WASHINGTON — In two stops at Michigan auto plants — one including a rare test drive — President Barack Obama declared the federal rescue of domestic automakers a success Friday, delivering a message to “naysayers” who have criticized a robust government role.
“A lot of folks were skeptical,” Obama said, noting that he preferred government not be in the auto business. “But I believed that if each of us were willing to work and sacrifice in the short term — workers, management, creditors, shareholders, retirees, communities — it could mark a new beginning for a great American industry.”
The trip is part of a White House effort to highlight what it sees as a major economic success story, though it played out against the backdrop of disappointing news of slower-than-expected economic growth.
The message Obama brought Friday at Chrysler and General Motors plants is one he’ll repeat next week on a visit to a Ford plant in Chicago.
“Last year, many thought this industry would keep losing jobs, as it had for the better part of the past decade,” the president said. “Today, U.S. automakers have added 55,000 jobs since last June, the strongest job growth in more than 10 years in the auto industry.”
Obama received a thunderous welcome at each stop to greet more than a thousand plant workers and labor officials who benefited from the administration’s decision to spend $60 billion as part of its rescue plan. Many workers, including at least one who had voted for Obama’s 2008 Republican opponent, John McCain, credited the investment with saving their jobs.
“We needed this, to keep the city going,” said Wanda Carlisle, a 16-year veteran of the Chrysler plant.
At a stop at the GM facility in Hamtramck, Obama made a campaign-style appeal to workers, saying that he had stood with them, while Republicans would have let their jobs disappear.

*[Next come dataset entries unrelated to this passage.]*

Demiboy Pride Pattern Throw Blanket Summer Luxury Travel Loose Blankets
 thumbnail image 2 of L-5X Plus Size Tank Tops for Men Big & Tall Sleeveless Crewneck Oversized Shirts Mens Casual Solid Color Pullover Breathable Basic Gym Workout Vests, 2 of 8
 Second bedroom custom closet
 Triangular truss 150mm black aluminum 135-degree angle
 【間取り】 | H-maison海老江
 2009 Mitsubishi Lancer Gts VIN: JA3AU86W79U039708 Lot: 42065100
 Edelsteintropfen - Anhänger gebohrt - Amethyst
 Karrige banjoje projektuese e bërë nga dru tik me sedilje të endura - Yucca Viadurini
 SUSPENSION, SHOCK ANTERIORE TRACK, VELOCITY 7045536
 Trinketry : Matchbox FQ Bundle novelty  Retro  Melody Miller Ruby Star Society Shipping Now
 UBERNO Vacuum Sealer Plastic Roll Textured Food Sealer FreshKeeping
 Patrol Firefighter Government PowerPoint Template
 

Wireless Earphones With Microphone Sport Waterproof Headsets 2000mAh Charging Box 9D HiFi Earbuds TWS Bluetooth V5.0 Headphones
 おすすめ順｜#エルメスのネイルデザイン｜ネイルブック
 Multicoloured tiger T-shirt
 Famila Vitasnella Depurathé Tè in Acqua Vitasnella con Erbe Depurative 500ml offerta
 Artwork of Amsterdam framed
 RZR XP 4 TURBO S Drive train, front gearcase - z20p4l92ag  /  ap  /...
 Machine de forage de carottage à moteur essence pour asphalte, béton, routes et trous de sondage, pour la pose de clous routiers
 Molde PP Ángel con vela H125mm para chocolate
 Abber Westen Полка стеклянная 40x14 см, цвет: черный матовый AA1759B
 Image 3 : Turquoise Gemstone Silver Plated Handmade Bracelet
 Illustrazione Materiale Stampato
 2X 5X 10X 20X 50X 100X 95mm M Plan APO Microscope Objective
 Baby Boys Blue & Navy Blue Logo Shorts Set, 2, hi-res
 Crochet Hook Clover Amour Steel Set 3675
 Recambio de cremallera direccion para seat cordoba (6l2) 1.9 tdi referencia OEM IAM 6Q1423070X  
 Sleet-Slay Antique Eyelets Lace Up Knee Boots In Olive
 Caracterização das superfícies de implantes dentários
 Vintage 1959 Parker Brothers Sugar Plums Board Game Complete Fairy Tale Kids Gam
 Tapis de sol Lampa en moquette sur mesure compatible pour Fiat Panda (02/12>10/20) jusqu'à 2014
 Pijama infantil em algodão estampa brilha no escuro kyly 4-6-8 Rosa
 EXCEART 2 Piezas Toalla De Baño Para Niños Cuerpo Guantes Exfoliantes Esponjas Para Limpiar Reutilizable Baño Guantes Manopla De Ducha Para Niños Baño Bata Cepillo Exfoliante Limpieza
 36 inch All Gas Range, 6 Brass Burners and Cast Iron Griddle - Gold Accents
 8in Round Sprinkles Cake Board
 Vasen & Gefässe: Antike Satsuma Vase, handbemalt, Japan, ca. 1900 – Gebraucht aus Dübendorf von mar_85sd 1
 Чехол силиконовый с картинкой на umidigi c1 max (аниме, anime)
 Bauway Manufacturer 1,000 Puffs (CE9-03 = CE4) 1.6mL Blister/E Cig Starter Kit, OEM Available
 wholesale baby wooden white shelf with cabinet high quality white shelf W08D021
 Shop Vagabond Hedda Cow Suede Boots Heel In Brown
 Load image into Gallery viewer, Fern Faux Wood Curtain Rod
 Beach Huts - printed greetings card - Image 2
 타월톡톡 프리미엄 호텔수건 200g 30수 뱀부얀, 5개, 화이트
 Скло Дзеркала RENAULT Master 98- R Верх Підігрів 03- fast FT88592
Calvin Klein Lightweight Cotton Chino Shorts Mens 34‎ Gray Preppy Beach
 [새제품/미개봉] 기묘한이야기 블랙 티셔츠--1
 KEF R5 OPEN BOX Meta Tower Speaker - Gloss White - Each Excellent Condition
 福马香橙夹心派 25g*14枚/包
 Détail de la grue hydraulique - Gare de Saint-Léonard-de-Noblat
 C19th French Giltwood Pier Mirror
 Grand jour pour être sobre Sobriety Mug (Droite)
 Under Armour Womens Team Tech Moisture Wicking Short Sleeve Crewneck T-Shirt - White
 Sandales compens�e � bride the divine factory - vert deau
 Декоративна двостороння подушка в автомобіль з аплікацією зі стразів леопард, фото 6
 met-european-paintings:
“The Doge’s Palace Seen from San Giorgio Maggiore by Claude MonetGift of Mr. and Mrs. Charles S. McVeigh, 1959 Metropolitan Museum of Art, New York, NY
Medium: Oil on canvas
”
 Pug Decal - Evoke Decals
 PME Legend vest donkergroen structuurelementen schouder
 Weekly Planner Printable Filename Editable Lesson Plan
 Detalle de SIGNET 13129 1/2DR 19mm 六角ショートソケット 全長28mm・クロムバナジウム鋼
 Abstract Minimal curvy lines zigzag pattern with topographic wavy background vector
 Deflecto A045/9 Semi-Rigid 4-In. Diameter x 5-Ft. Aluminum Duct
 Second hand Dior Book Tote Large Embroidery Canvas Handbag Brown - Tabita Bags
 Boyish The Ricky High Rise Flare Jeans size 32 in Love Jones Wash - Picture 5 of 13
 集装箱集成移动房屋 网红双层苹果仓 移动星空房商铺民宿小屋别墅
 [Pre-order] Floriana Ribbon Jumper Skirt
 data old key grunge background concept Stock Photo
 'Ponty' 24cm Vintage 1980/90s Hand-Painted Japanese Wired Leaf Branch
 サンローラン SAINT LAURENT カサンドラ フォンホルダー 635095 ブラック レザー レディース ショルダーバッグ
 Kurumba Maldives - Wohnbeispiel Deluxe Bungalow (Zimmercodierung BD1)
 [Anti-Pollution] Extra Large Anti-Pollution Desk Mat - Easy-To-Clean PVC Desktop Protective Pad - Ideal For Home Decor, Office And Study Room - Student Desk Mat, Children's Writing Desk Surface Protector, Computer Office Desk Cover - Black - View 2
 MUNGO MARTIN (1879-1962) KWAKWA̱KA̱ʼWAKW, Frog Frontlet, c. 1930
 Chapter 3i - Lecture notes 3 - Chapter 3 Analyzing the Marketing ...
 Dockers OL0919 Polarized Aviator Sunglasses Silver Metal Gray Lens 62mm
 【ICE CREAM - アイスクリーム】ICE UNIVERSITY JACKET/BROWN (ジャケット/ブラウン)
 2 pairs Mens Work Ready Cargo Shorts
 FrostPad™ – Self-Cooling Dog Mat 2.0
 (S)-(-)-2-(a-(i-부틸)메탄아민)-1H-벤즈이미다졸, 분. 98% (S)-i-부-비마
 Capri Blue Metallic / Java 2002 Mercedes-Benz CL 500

“We made the decision to step in. And the reason I did that was because I had confidence in you. I had faith in you. Because I believe that the American worker is the best worker on earth,” he said.
At a White House briefing Thursday, the president’s auto industry advisers asserted that 1 million jobs were saved because of the government’s actions to save GM and Chrysler. Ford Motor Co., meanwhile, benefited with only limited direct aid because dependent industries, like parts suppliers, were able to remain open.
“I think there’s no question that the president’s intervention helped the entire industry,” said Ron Bloom, a senior Treasury Department adviser.
All three U.S. auto companies have posted profits this year.
The administration message is meant to counter the drumbeat of criticism from Republicans and conservatives about excessive government intervention.
“I’m not sure he realizes that his tax, borrow and spend policies will probably prolong Detroit’s recovery,” said Saul Anuzis, former chair of the Michigan Republican Party.
Obama’s second stop included a rare presidential fete — an opportunity to get behind the wheel and drive, if only for a few seconds. Obama, very slowly, test drove the new Chevy Volt being produced at the plant.